Clause 6 - Personation: arrestable offence
European Parliamentary and Local Elections (Pilots) Bill
4:15 pm

Mr Teddy Taylor (Rochford and Southend East, Conservative)
That is what I am hoping to do, Mr. Cook, but I am scared that it will have a horrible impact and stop discussion of things that are terribly important. That should worry us; it is certainly not the fault of Conservatives, as hardly any of them are here. There is a big problem, which I hope we shall face up to.
The first question we must ask is simple: will there be more scope for people to cheat in the pilot schemes than in the existing scheme? The answer must certainly be yes. The Liberal Democrats tabled new clauses 2 and 4, which show that they are trying to identify ways in which cheating could be controlled. Although I appreciate that many hon. Members represent nice residential areas with big houses, in Southend-on-Sea there are many homes in multiple occupation. Some of them are frightening places; I went recently to a six-bedroom house where 16 people were staying. There are many retirement homes in my constituency and a lot of bed-and-breakfast hotels; one on the seafront in Southend is called the Palace hotel, but it is neither a palace nor an hotel. It has lots of rooms on five storeys, and many people live there.
The scope for fiddling will increase dramatically if, instead of people going to vote or applying for a postal vote as they do now, the Post Office brings a flood of papers for all the people living in a place. Even in a
house where only five adults live, there will be five lots of ballot papers.
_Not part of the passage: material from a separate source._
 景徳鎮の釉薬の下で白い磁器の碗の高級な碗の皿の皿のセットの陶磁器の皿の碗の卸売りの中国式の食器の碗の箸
I appreciate that three quarters of the people will probably not bother to vote in European elections because they think that they do not matter, but some people are fanatical about politics. We would be misleading ourselves if we did not accept that a tiny minority passionately want to vote in European elections and they will have greater scope under the proposed arrangement for cheating by filling in a form and voting for someone else. That should worry us a great deal.
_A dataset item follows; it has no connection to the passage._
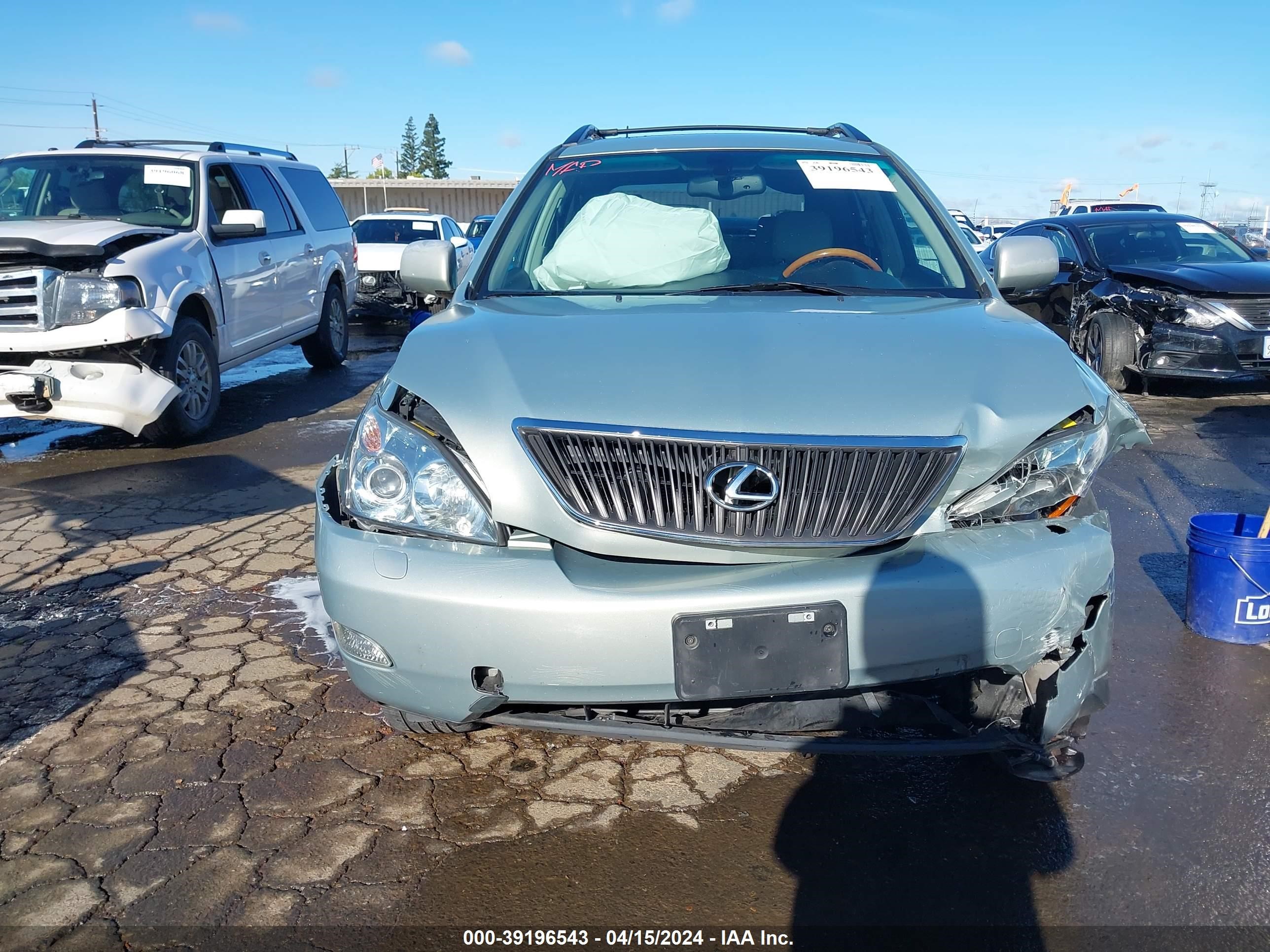 Photo 11 VIN: 2T2HK31U67C019633 - LEXUS RX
What can we do about it? We can keep the present system, whereby the person concerned is reported and has to appear before nice magistrates, who are decent and honourable people who try to be kind to everyone and like to take all the circumstances into account. They may say that the person cheated because he was old, or had had a drink and so on, so they will try to make provision for him. However, when new arrangements are introduced that will extend the scope for cheating immensely, there should be a firm, decisive, clear penalty that says that people who vote for someone else in any circumstances should go to prison for a month. That will affect their career prospects. Some will say that that is not right, because circumstances vary, but unless the measure is accepted, there will be terrible problems caused by people cheating, as many will come before the courts.
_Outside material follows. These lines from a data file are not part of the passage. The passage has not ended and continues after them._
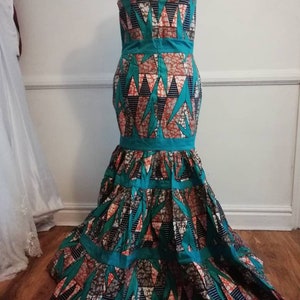 Lindo vestido feminino de algodão com estampa africana, estilo Ankara, com ajuste evasê e alças ajustáveis.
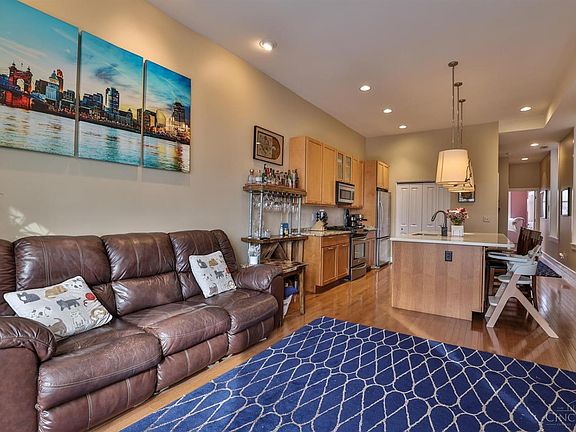 5th image of 537 Liberty Hl APT 3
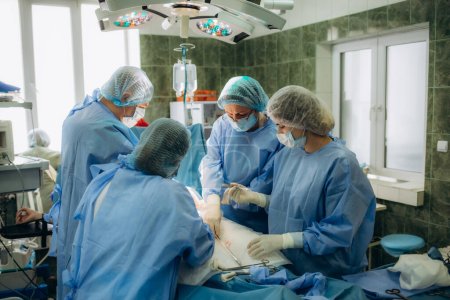 Widok z sali operacyjnej podczas porodu.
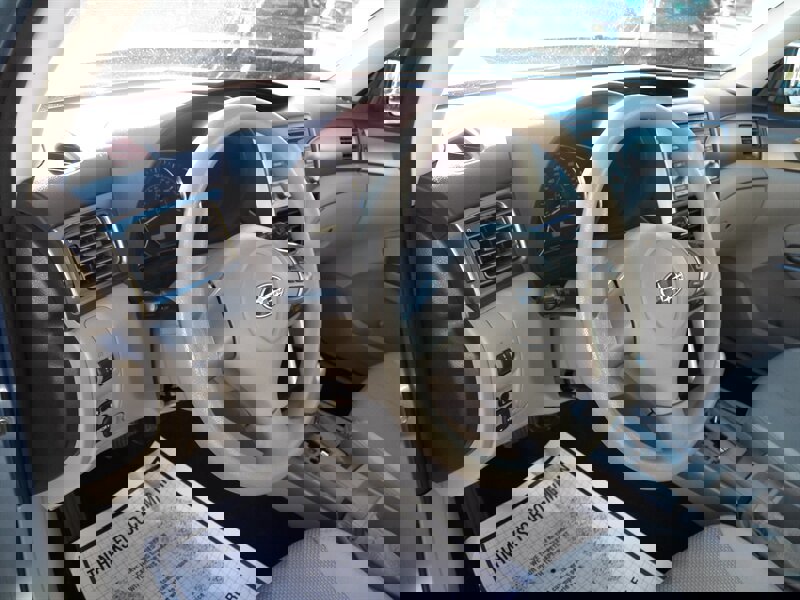 Used 2011 Subaru Forester 2.5X w/ Alloy Wheel Value Pkg image 9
It is not just postal voting that will cause those problems. I wish the Government had time to say something about electronic voting because it is one of the most ridiculous pieces of nonsense there has ever been. I am suspicious of electronic things—computers and so on—and my children say that I should learn more about them. However, the scope for cheating in electronic voting is frightening, and unless something is done to try to stop it, there will be terrible problems.
The organisations that are looking at democracy and voting think electronic voting is nuts, silly and expensive and that it should not happen. The Government, however, will introduce it anyway, along with postal voting.